YOUR GOAL:
Retype all the records with nothing changed.

--------------------

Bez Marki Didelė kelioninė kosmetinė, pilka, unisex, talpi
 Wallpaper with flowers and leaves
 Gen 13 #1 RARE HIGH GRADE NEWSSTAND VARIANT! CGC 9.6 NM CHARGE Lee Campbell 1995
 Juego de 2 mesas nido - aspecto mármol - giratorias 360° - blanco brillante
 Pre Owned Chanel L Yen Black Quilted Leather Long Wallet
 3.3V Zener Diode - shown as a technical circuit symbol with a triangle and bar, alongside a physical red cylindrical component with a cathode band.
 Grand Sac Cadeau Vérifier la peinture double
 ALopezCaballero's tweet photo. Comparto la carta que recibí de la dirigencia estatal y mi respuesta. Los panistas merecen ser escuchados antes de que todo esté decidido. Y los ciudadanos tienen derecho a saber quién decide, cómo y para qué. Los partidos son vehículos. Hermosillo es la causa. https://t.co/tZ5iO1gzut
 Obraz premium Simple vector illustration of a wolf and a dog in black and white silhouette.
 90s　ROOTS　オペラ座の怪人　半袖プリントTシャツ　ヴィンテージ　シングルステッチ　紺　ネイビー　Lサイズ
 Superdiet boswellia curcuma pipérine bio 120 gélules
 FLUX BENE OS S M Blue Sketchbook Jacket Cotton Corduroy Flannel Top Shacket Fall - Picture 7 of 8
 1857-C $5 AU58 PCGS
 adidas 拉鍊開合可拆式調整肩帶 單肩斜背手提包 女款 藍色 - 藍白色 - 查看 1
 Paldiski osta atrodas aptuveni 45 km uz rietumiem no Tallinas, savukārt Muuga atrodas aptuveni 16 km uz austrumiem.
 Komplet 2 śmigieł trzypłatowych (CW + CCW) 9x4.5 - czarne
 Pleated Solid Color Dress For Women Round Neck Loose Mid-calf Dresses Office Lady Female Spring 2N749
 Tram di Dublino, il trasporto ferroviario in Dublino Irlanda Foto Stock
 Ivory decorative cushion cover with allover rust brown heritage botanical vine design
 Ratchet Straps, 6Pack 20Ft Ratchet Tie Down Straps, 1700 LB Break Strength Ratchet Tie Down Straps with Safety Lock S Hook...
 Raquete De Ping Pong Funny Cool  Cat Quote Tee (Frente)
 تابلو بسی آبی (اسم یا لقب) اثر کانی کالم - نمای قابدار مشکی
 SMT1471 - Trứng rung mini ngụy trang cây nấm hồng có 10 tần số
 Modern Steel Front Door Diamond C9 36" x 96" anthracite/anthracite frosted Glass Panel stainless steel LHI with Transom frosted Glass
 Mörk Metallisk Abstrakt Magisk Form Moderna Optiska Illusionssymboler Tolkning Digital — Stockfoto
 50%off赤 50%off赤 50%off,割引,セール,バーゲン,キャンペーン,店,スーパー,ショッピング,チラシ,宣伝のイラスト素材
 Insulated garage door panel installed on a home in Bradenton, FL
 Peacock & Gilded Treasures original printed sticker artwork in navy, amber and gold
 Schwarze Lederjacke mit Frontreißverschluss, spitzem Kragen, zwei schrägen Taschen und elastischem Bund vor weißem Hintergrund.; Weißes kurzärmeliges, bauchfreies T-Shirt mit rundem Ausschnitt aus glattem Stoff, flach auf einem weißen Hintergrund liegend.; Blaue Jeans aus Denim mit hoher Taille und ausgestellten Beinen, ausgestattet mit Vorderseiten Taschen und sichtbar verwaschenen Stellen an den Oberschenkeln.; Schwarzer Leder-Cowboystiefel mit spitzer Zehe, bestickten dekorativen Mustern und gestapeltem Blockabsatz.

--------------------

THE ANSWER:
Bez Marki Didelė kelioninė kosmetinė, pilka, unisex, talpi
 Wallpaper with flowers and leaves
 Gen 13 #1 RARE HIGH GRADE NEWSSTAND VARIANT! CGC 9.6 NM CHARGE Lee Campbell 1995
 Juego de 2 mesas nido - aspecto mármol - giratorias 360° - blanco brillante
 Pre Owned Chanel L Yen Black Quilted Leather Long Wallet
 3.3V Zener Diode - shown as a technical circuit symbol with a triangle and bar, alongside a physical red cylindrical component with a cathode band.
 Grand Sac Cadeau Vérifier la peinture double
 ALopezCaballero's tweet photo. Comparto la carta que recibí de la dirigencia estatal y mi respuesta. Los panistas merecen ser escuchados antes de que todo esté decidido. Y los ciudadanos tienen derecho a saber quién decide, cómo y para qué. Los partidos son vehículos. Hermosillo es la causa. https://t.co/tZ5iO1gzut
 Obraz premium Simple vector illustration of a wolf and a dog in black and white silhouette.
 90s　ROOTS　オペラ座の怪人　半袖プリントTシャツ　ヴィンテージ　シングルステッチ　紺　ネイビー　Lサイズ
 Superdiet boswellia curcuma pipérine bio 120 gélules
 FLUX BENE OS S M Blue Sketchbook Jacket Cotton Corduroy Flannel Top Shacket Fall - Picture 7 of 8
 1857-C $5 AU58 PCGS
 adidas 拉鍊開合可拆式調整肩帶 單肩斜背手提包 女款 藍色 - 藍白色 - 查看 1
 Paldiski osta atrodas aptuveni 45 km uz rietumiem no Tallinas, savukārt Muuga atrodas aptuveni 16 km uz austrumiem.
 Komplet 2 śmigieł trzypłatowych (CW + CCW) 9x4.5 - czarne
 Pleated Solid Color Dress For Women Round Neck Loose Mid-calf Dresses Office Lady Female Spring 2N749
 Tram di Dublino, il trasporto ferroviario in Dublino Irlanda Foto Stock
 Ivory decorative cushion cover with allover rust brown heritage botanical vine design
 Ratchet Straps, 6Pack 20Ft Ratchet Tie Down Straps, 1700 LB Break Strength Ratchet Tie Down Straps with Safety Lock S Hook...
 Raquete De Ping Pong Funny Cool  Cat Quote Tee (Frente)
 تابلو بسی آبی (اسم یا لقب) اثر کانی کالم - نمای قابدار مشکی
 SMT1471 - Trứng rung mini ngụy trang cây nấm hồng có 10 tần số
 Modern Steel Front Door Diamond C9 36" x 96" anthracite/anthracite frosted Glass Panel stainless steel LHI with Transom frosted Glass
 Mörk Metallisk Abstrakt Magisk Form Moderna Optiska Illusionssymboler Tolkning Digital — Stockfoto
 50%off赤 50%off赤 50%off,割引,セール,バーゲン,キャンペーン,店,スーパー,ショッピング,チラシ,宣伝のイラスト素材
 Insulated garage door panel installed on a home in Bradenton, FL
 Peacock & Gilded Treasures original printed sticker artwork in navy, amber and gold
 Schwarze Lederjacke mit Frontreißverschluss, spitzem Kragen, zwei schrägen Taschen und elastischem Bund vor weißem Hintergrund.; Weißes kurzärmeliges, bauchfreies T-Shirt mit rundem Ausschnitt aus glattem Stoff, flach auf einem weißen Hintergrund liegend.; Blaue Jeans aus Denim mit hoher Taille und ausgestellten Beinen, ausgestattet mit Vorderseiten Taschen und sichtbar verwaschenen Stellen an den Oberschenkeln.; Schwarzer Leder-Cowboystiefel mit spitzer Zehe, bestickten dekorativen Mustern und gestapeltem Blockabsatz.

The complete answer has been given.